WORK ITEM — Print word for word the first line of the records below and every following line through the one containing "Agricultural Land for"; print nothing else.

[Opening TASK MATERIAL section]

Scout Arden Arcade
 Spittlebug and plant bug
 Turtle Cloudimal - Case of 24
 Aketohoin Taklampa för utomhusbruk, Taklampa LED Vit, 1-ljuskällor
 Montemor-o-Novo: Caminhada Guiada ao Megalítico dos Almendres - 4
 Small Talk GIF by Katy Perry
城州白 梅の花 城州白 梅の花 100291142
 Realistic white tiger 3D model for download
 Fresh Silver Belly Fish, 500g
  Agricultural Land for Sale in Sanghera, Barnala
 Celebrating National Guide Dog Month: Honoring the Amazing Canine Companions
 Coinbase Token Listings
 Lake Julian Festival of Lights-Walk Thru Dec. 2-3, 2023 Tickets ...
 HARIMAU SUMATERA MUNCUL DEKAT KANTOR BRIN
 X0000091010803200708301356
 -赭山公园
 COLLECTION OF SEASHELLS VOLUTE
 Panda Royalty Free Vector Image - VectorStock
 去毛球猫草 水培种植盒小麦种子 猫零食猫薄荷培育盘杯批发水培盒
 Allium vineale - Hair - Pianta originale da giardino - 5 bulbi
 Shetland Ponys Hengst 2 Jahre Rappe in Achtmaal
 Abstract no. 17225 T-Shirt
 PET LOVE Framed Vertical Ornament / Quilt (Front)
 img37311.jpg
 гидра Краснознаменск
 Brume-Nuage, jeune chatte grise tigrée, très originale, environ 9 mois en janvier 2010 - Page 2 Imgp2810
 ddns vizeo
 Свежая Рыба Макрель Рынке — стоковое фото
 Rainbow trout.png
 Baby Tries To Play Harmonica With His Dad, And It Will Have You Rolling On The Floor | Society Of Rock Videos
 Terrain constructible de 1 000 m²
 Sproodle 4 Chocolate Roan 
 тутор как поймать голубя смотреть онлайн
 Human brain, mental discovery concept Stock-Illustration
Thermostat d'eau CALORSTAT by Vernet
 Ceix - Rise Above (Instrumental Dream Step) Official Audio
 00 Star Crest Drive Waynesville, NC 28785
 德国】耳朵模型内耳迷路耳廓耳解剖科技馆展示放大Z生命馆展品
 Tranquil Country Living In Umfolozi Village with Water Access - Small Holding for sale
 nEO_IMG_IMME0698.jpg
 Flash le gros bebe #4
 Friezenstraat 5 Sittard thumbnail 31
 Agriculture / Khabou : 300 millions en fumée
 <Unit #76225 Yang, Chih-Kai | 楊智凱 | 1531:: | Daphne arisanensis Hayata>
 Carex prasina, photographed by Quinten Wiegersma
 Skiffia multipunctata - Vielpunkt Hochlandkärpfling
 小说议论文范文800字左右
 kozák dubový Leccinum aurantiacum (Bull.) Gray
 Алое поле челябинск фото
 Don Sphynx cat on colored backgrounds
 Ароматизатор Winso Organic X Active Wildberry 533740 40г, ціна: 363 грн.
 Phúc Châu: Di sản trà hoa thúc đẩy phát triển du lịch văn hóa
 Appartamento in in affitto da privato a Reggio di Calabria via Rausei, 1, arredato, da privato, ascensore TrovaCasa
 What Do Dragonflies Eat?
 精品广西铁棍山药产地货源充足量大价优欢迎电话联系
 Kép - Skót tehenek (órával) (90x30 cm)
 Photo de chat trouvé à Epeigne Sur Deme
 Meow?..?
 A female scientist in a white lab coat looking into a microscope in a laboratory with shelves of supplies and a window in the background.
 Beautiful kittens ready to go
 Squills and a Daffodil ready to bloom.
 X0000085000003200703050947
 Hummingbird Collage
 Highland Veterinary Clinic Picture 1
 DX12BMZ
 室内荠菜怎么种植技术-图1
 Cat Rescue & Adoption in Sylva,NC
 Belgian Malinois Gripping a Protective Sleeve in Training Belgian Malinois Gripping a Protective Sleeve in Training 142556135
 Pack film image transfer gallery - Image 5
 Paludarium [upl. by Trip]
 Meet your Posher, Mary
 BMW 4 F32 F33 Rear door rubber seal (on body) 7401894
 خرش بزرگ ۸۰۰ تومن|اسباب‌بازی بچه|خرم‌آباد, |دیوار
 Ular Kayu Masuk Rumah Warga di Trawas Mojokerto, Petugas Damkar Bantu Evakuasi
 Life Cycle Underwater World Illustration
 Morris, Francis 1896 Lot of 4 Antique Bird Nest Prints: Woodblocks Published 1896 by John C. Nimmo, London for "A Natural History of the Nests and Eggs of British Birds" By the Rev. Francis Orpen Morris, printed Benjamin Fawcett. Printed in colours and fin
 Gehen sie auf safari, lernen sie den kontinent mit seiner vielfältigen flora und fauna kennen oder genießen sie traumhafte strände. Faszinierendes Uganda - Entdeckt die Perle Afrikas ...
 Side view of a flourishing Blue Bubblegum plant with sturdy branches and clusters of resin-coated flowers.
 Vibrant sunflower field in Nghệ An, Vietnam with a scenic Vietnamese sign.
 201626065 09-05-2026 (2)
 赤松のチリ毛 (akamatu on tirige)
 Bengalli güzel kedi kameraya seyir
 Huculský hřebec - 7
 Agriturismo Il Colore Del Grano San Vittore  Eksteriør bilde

[Closing TASK MATERIAL section]

ANSWER TO THIS PROBLEM —
Scout Arden Arcade
 Spittlebug and plant bug
 Turtle Cloudimal - Case of 24
 Aketohoin Taklampa för utomhusbruk, Taklampa LED Vit, 1-ljuskällor
 Montemor-o-Novo: Caminhada Guiada ao Megalítico dos Almendres - 4
 Small Talk GIF by Katy Perry
城州白 梅の花 城州白 梅の花 100291142
 Realistic white tiger 3D model for download
 Fresh Silver Belly Fish, 500g
  Agricultural Land for Sale in Sanghera, Barnala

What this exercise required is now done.